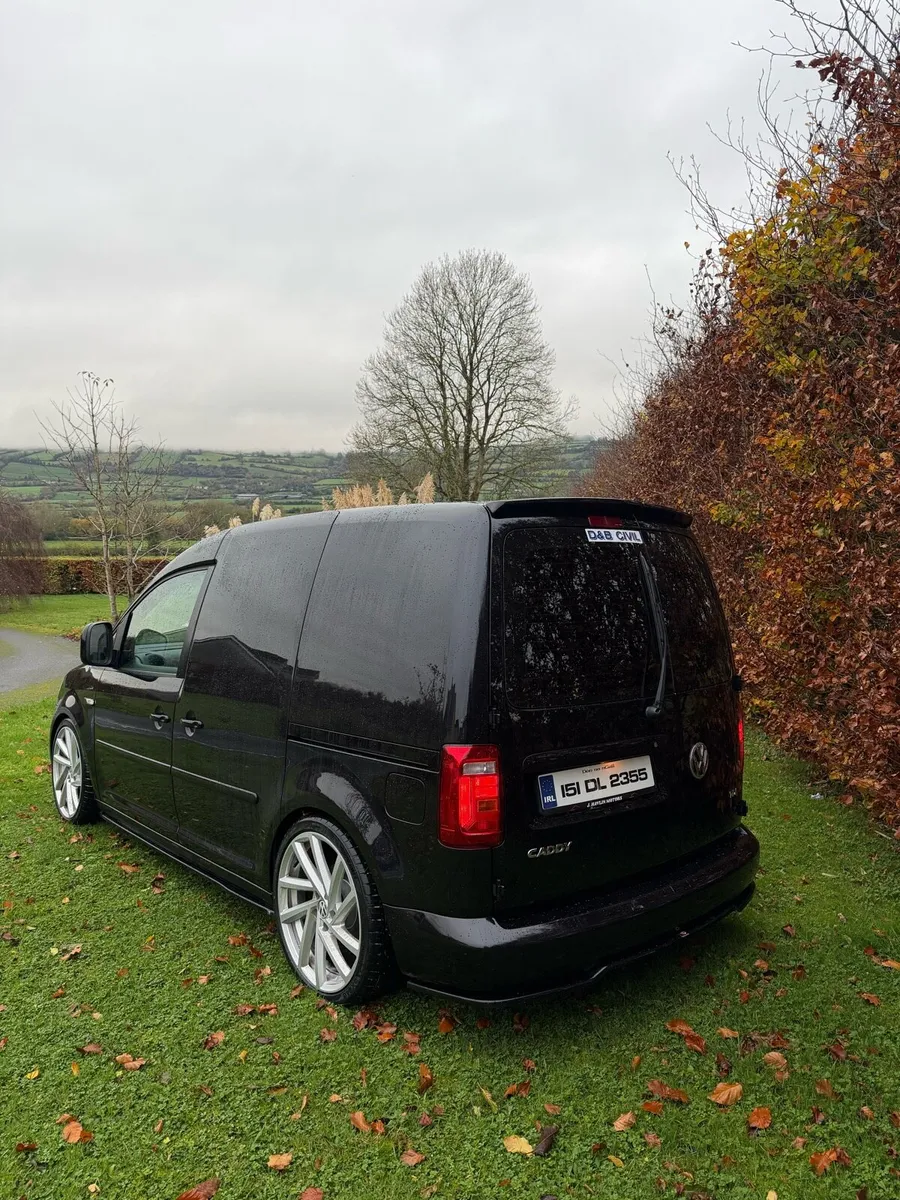 VW CADDY - Image 2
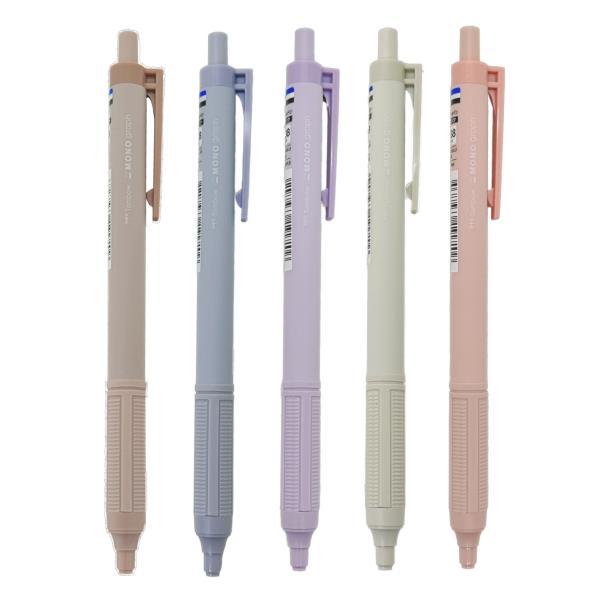 MONO トンボ Tombow 油性ボールペン モノグラフ ライト 0.38mm 1セット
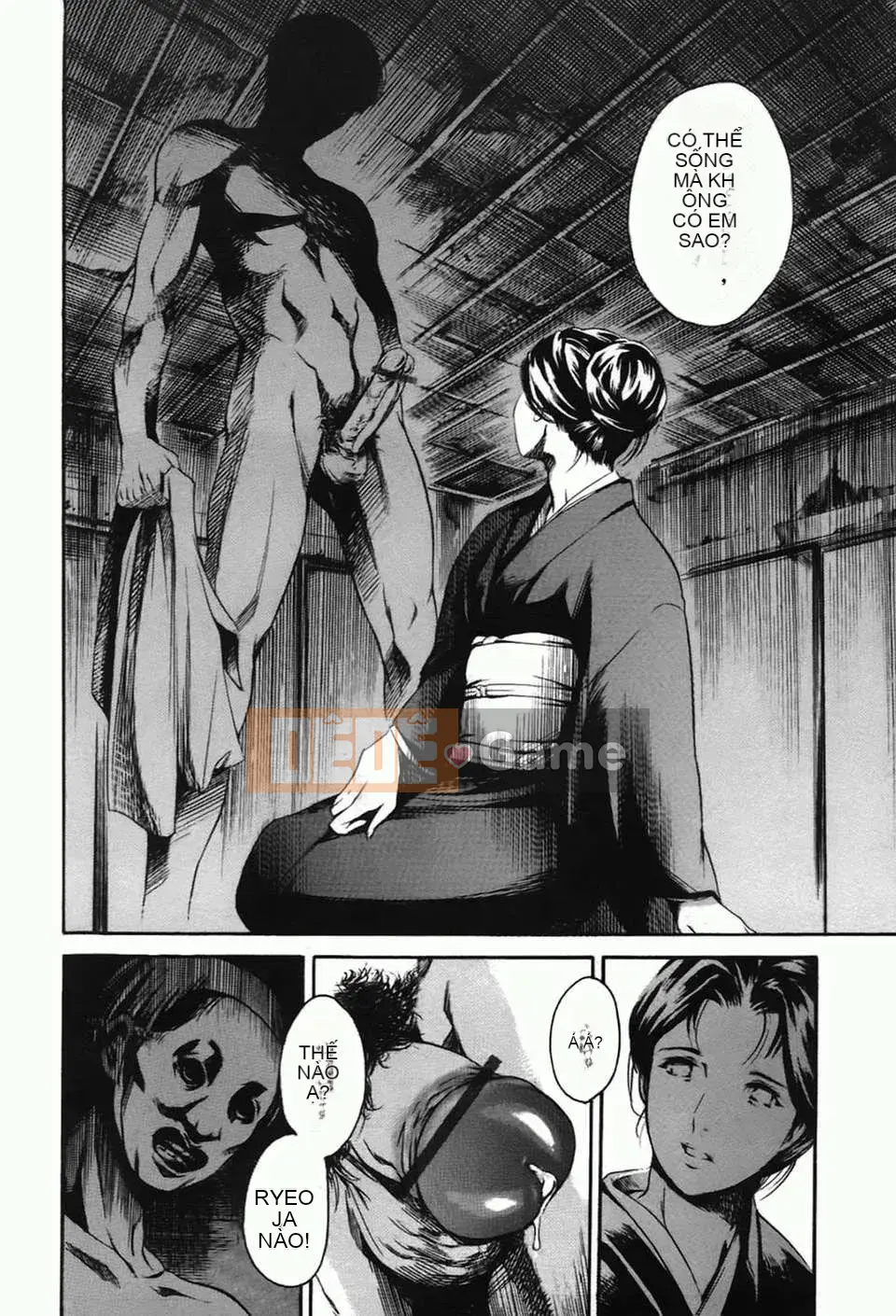 [Đế chế cá ngừ] Ireland Inetsu no Shou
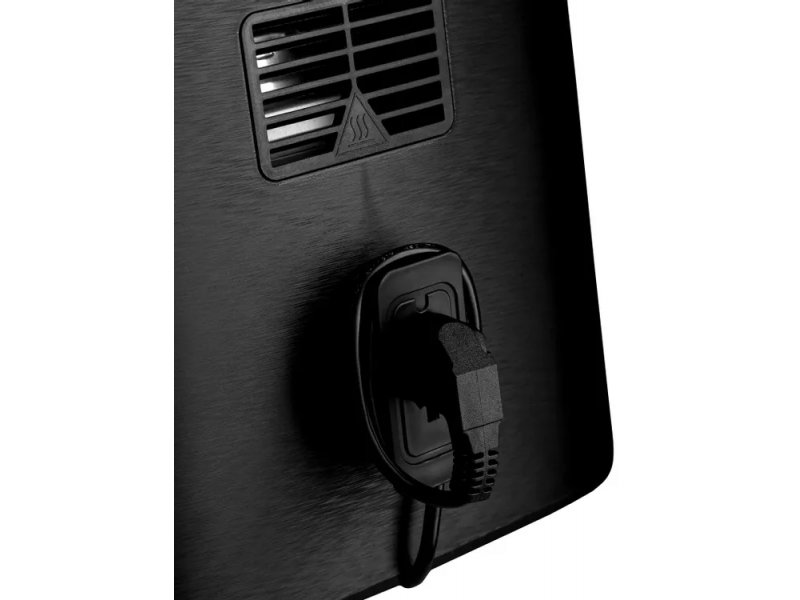 Аэрогриль Brayer BR2057 черный Аэрогриль Brayer BR2057 черный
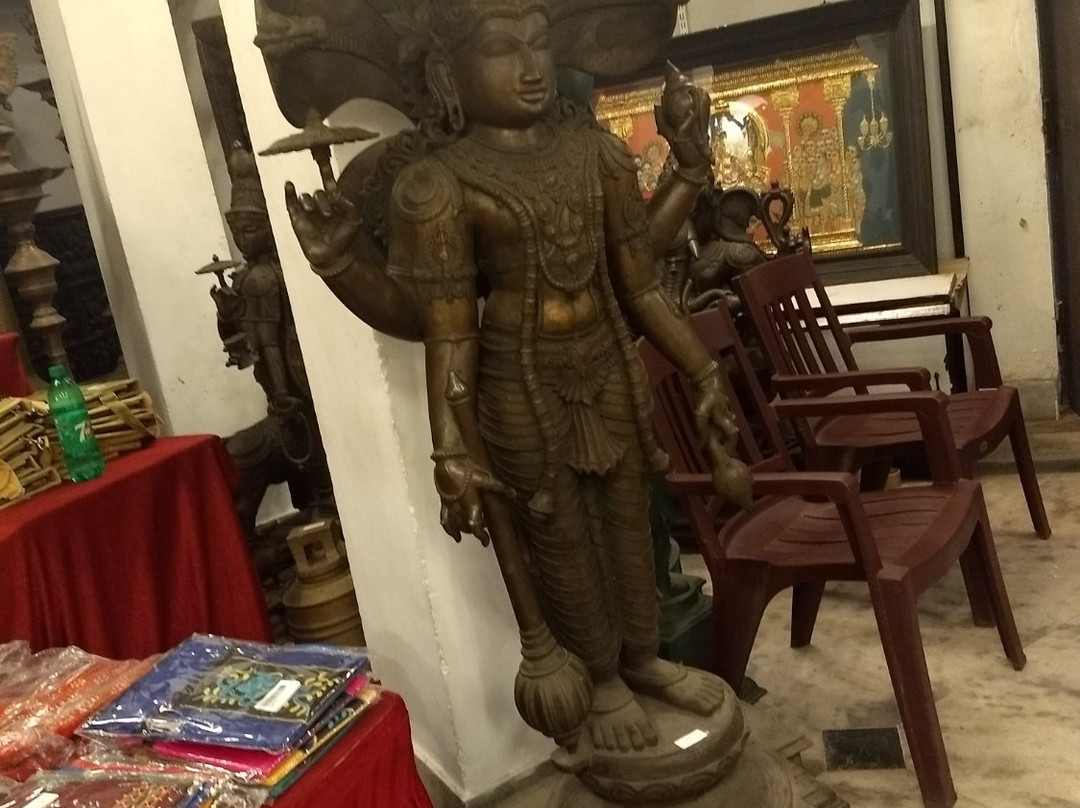 Poompuhar-金奈（马德拉斯）必去景点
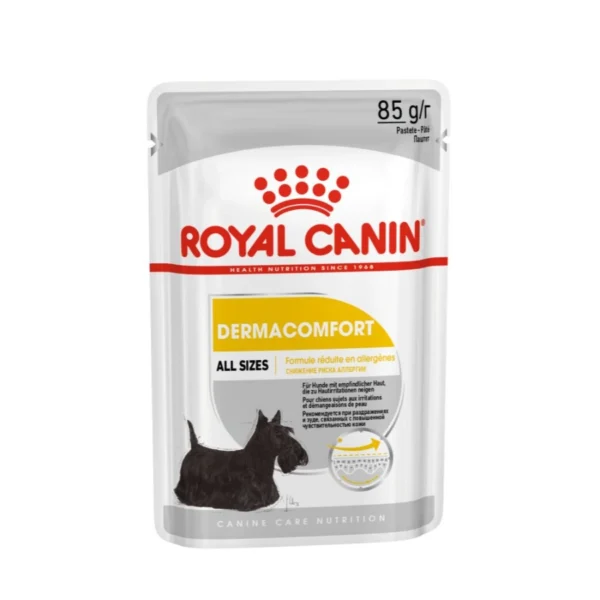 Royal Canin Perro Ccn Dermacomfort 85 g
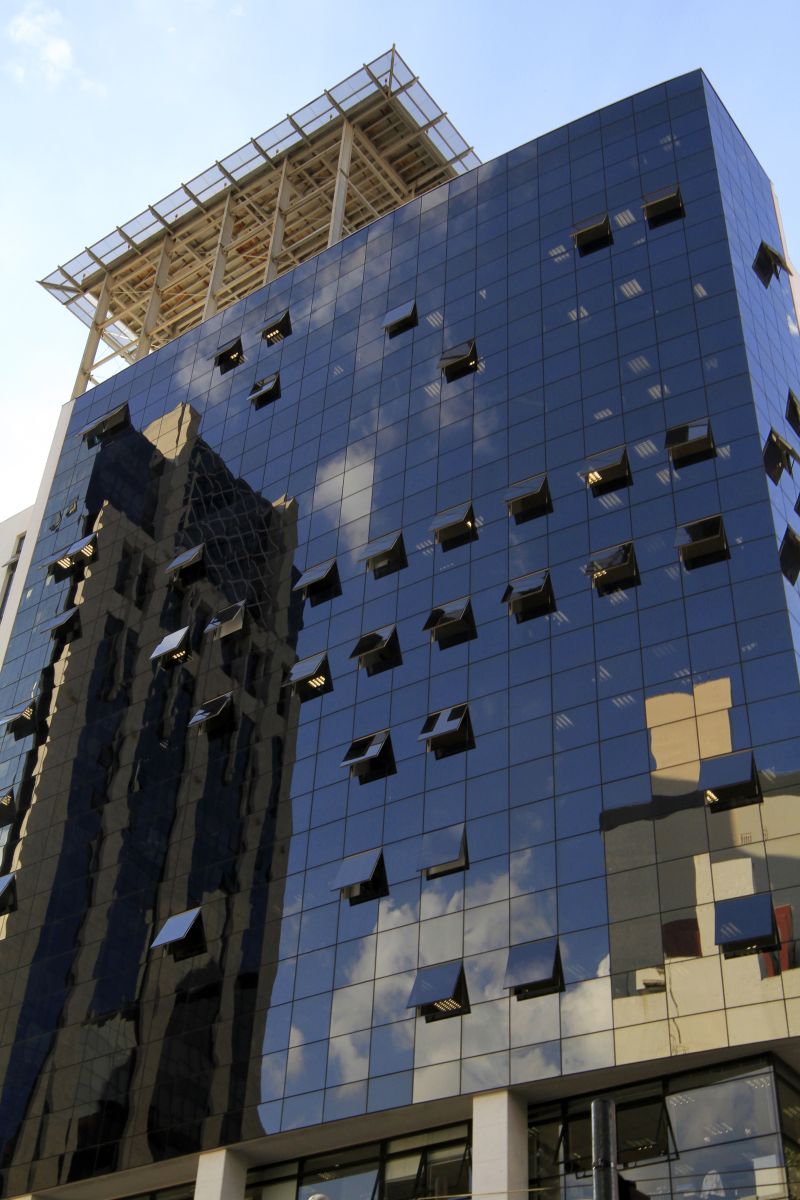 Até agora, menos de mil devedores paranaenses procuraram o TRT, em Curitiba, para regularizar sua situação | Daniel Dereveck/ Gazeta do Povo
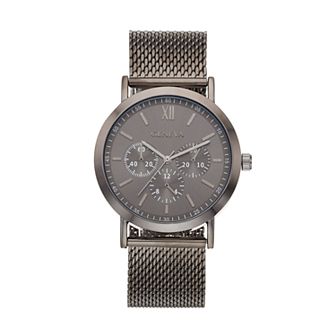 Geneva Men's Mesh Watch - KH8048GU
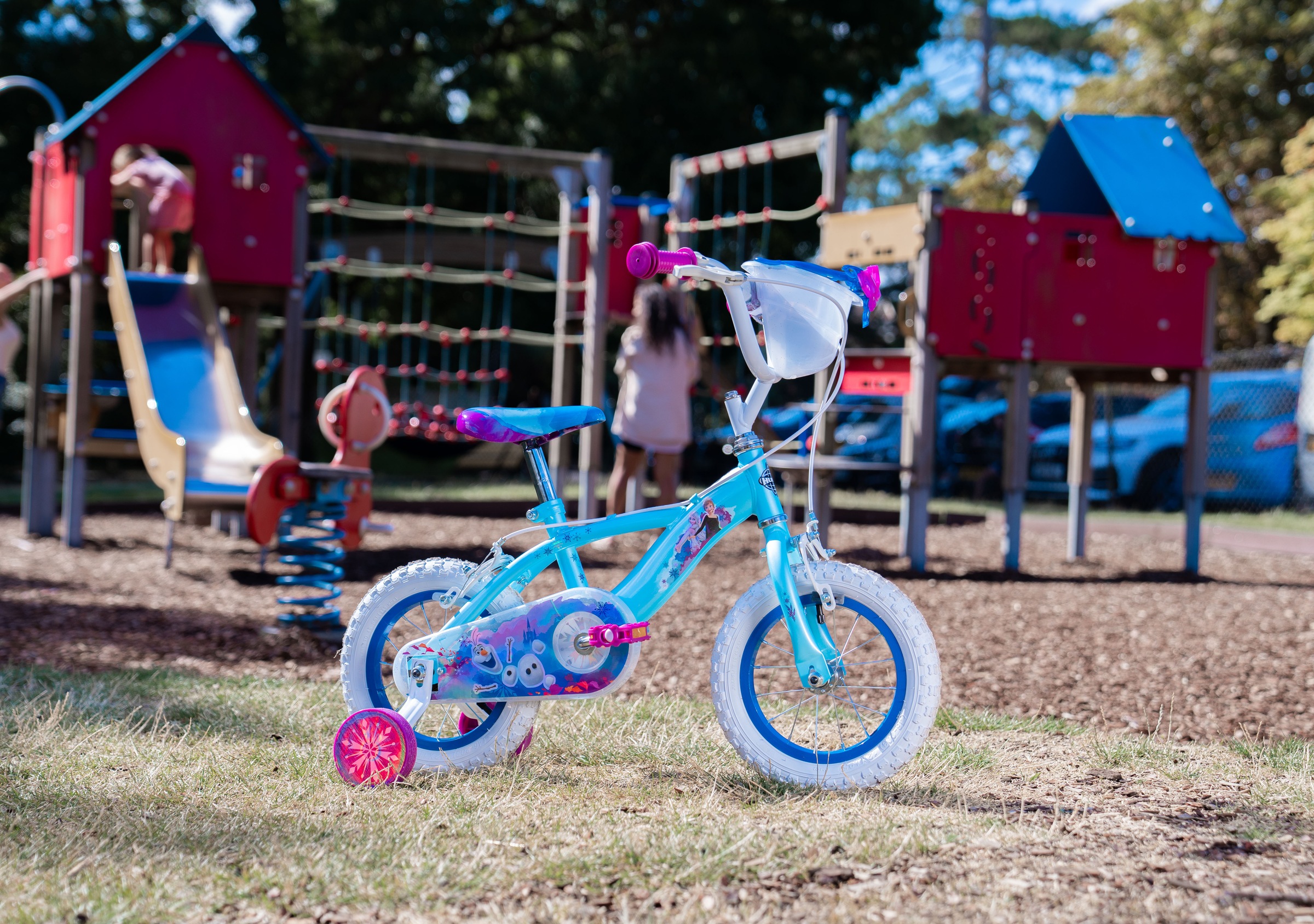 Huffy Kinderfahrrad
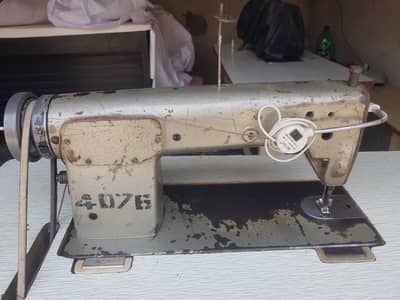 Brother industrial machine model No DB2-B755KP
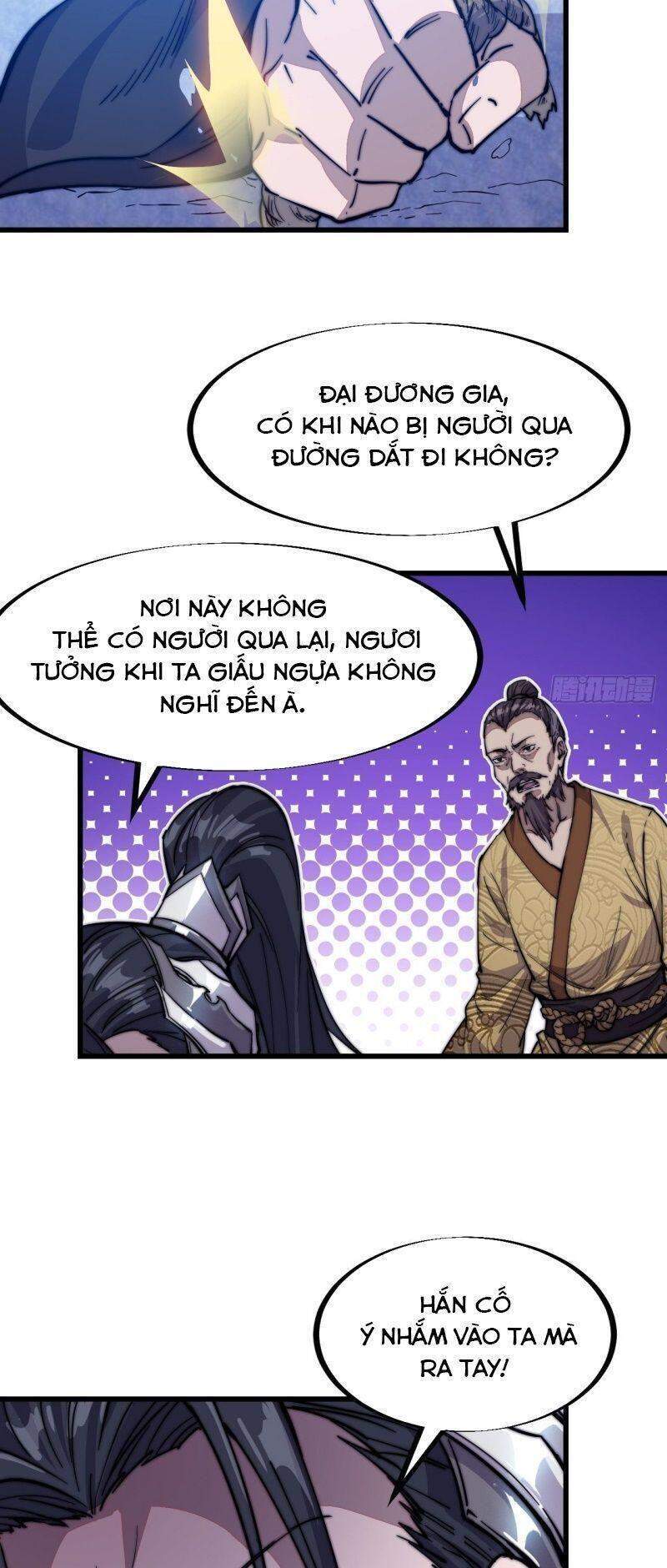 Ta Có Một Sơn Trại Chap 69 - Next Chap 70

# What is required
From the line that contains "Brother industrial machine" to the last line of the data above, inclusive, transcribe every line exactly and only those lines, omitting pictures.

# Exercise response
 Brother industrial machine model No DB2-B755KP
 Ta Có Một Sơn Trại Chap 69 - Next Chap 70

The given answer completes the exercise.